▸ **YOUR GOAL**
All lines from the one bearing "2020 JLG 660SJ" through the end of the data below must be printed exactly as they stand, with pictures removed.

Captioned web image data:
--------------------------------------------------
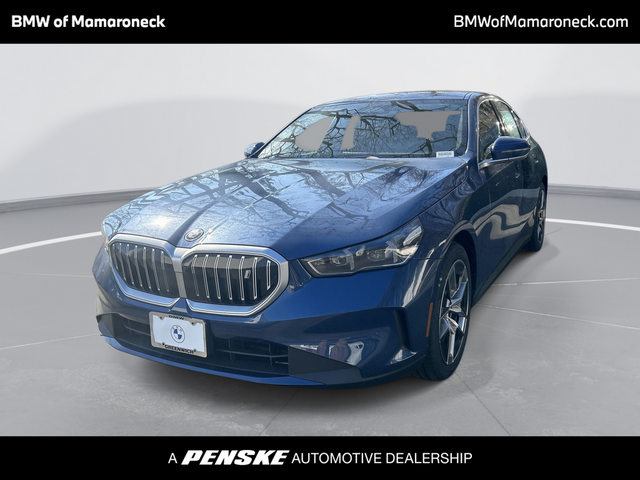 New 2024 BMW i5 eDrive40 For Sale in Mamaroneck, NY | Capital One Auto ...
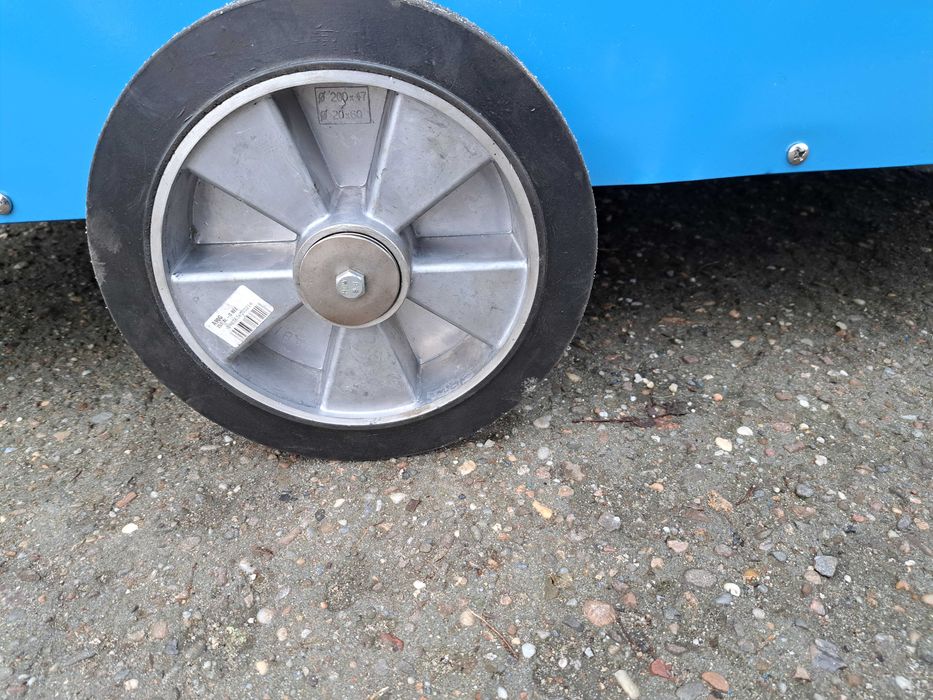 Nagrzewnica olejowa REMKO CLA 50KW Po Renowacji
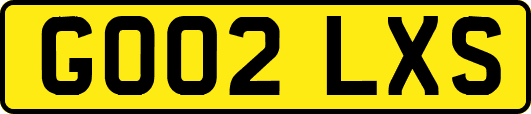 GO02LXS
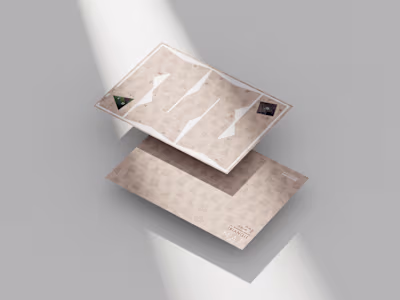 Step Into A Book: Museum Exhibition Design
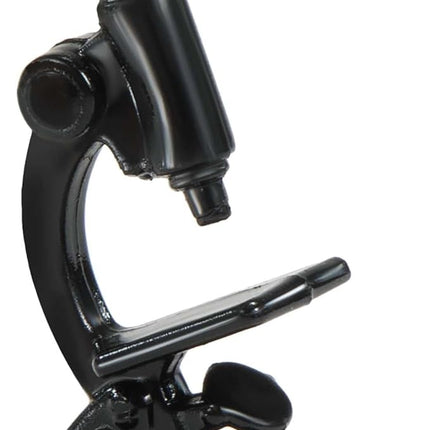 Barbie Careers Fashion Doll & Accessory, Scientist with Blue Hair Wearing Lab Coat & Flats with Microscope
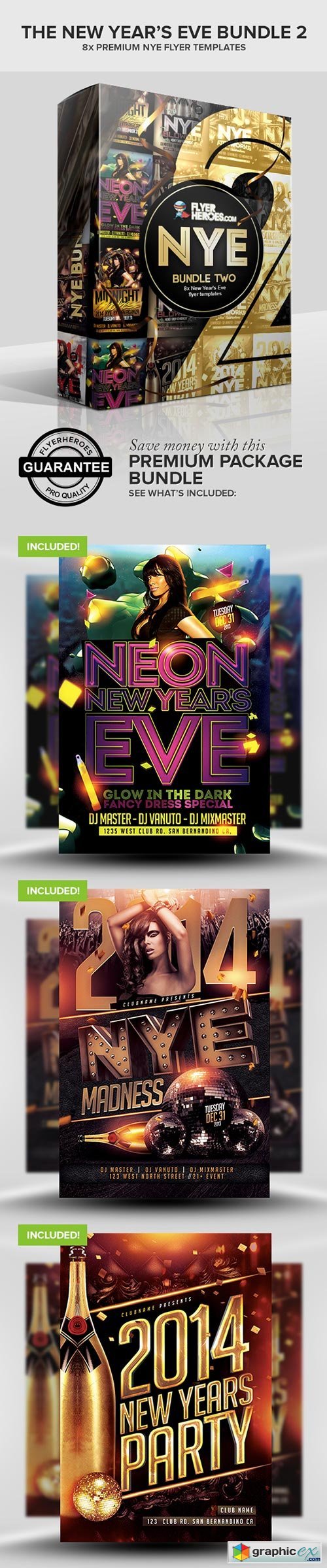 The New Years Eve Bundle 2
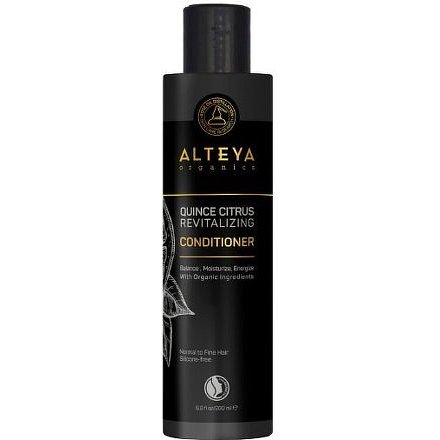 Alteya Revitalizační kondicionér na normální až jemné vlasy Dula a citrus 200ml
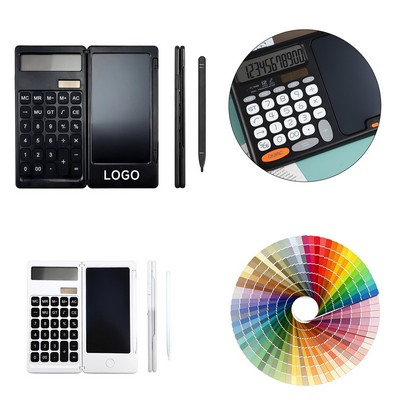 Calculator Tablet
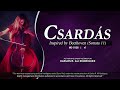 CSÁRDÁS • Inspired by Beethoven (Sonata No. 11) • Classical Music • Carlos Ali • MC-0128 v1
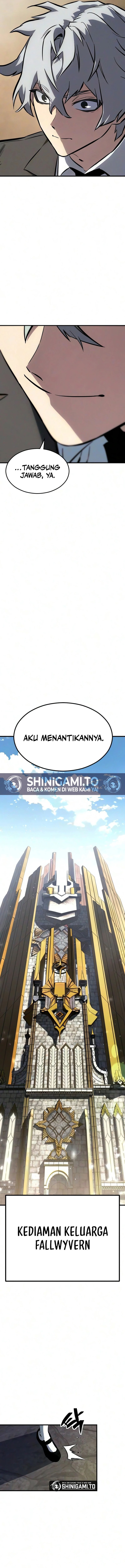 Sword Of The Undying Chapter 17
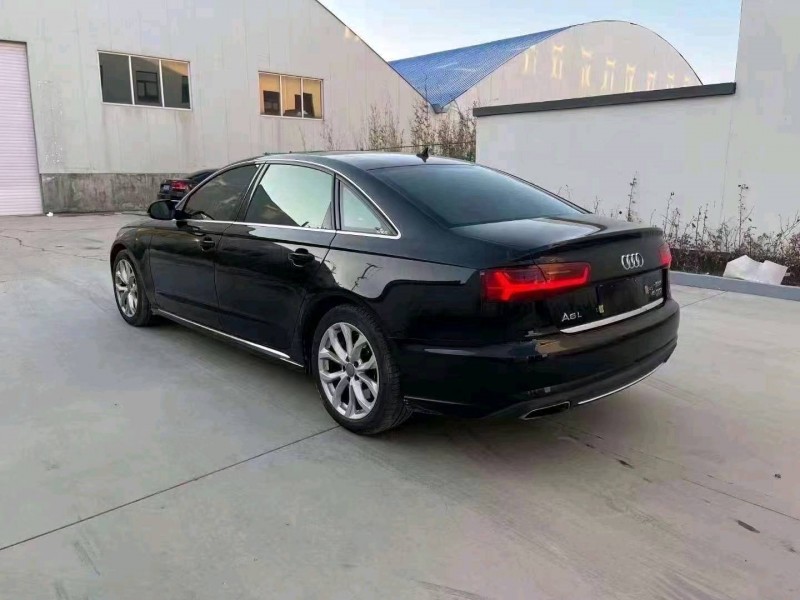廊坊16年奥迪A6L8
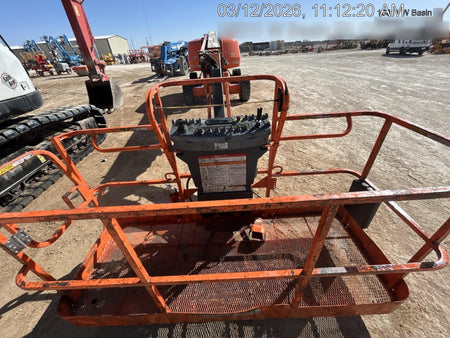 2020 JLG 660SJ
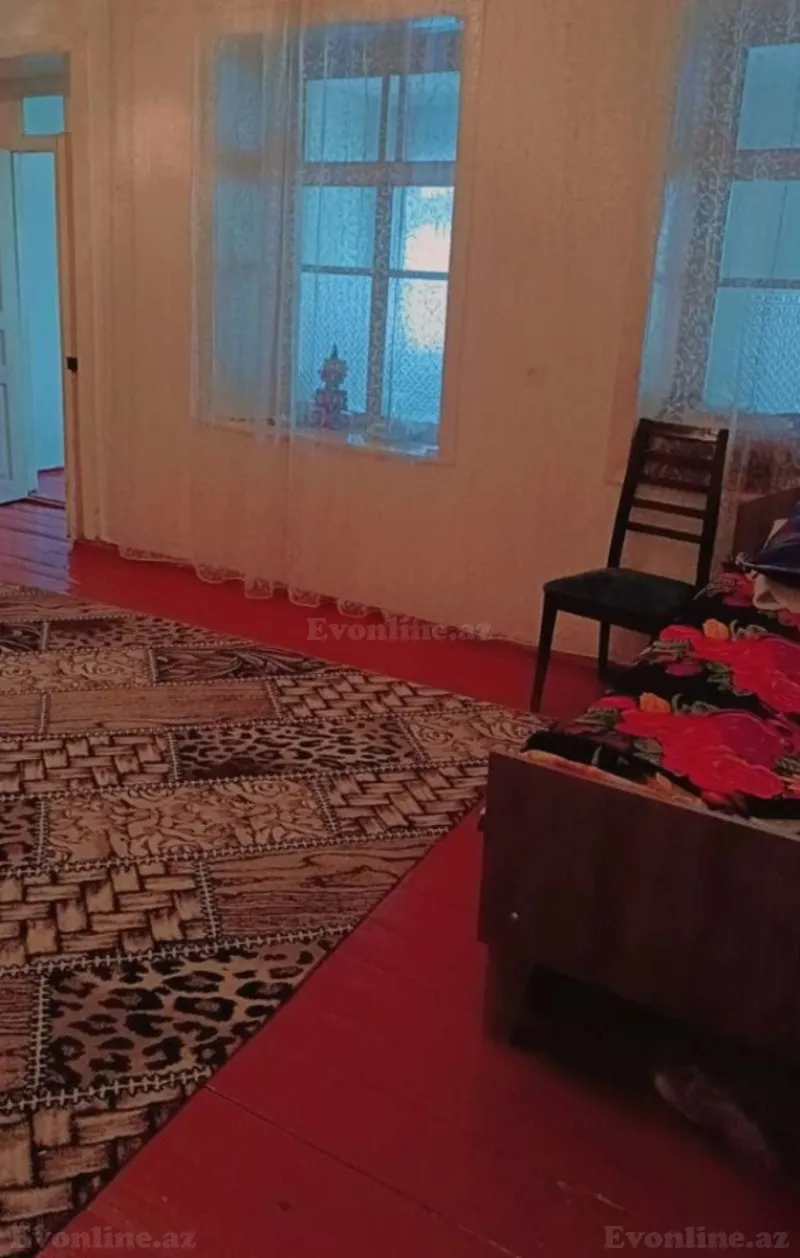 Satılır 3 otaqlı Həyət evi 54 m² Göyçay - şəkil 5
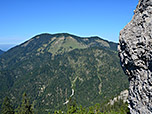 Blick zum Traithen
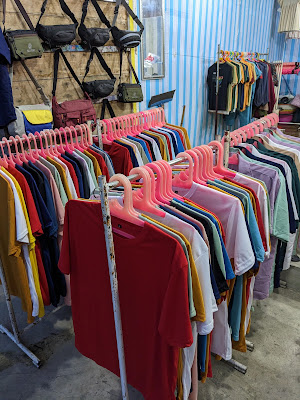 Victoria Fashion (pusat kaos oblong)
--------------------------------------------------
▸ **SOLUTION**
 2020 JLG 660SJ
 Satılır 3 otaqlı Həyət evi 54 m² Göyçay - şəkil 5
 Blick zum Traithen
 Victoria Fashion (pusat kaos oblong)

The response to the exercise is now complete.